So what you want here to do this gracefully is the AJAX programming method, which is a whole paradigm of programming that is quite involved; there's no way we could possibly teach you in a single answer. The basic idea is that, in javascript, you need to initiate a request, and then you need event-handling code to listen for the response, do error handling, and then update the HTML on-page to reflect whatever response you got from the script you called.

Then in the PHP script that got called, you put the SQL query to actually delete the appropriate row in the table in the database.

If you look up some basic AJAX tutorials and you feel like you're in over your head, you might want to rethink a simpler way of doing this that is perhaps a bit clunkier or old-fashioned ("Web 1.0") to the user.

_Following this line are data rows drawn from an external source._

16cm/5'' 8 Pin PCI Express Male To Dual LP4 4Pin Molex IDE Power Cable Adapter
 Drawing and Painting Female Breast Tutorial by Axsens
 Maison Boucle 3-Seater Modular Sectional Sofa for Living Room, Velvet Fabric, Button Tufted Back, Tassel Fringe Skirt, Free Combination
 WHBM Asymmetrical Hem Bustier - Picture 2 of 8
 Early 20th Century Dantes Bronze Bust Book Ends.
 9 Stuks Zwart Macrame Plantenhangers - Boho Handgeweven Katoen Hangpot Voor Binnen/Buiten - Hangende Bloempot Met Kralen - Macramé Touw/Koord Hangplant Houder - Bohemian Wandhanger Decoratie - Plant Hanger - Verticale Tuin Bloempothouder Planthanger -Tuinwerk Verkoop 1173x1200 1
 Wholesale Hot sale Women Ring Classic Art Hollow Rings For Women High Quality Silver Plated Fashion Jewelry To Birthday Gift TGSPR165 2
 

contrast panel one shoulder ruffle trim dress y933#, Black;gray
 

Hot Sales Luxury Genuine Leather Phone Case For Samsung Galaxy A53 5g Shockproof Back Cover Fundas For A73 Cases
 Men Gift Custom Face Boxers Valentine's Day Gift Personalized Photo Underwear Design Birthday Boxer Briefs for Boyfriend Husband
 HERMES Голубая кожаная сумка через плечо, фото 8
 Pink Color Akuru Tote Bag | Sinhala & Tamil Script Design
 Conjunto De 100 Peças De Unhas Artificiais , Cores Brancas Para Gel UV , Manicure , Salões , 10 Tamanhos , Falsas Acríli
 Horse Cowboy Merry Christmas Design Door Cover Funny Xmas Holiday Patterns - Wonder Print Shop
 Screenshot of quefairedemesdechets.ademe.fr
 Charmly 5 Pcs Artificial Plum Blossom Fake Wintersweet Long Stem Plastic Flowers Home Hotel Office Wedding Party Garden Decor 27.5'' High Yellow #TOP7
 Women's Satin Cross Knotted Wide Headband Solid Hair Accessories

You can achieve what you want easily via HTML forms, use a form with action="/path/to/some_script.php" and then send the user to a new page, sending POST variables which are read by the PHP script. And then that page can just redirect back to the original page, displaying a refreshed version of the page after deleting the item. The tradeoff here is that the programming is much easier and less error-prone, and debugging is easier, but you need to send the user around to different pages. So you get less work, but a more clunky user experience.

It's your choice. If I were in your position, and I need to meet a nearby deadline, I would probably put up a quick solution using HTML forms, but I'd start learning AJAX, which is going to take months for you to do well. Then come back and put up a slick AJAX solution when you're ready.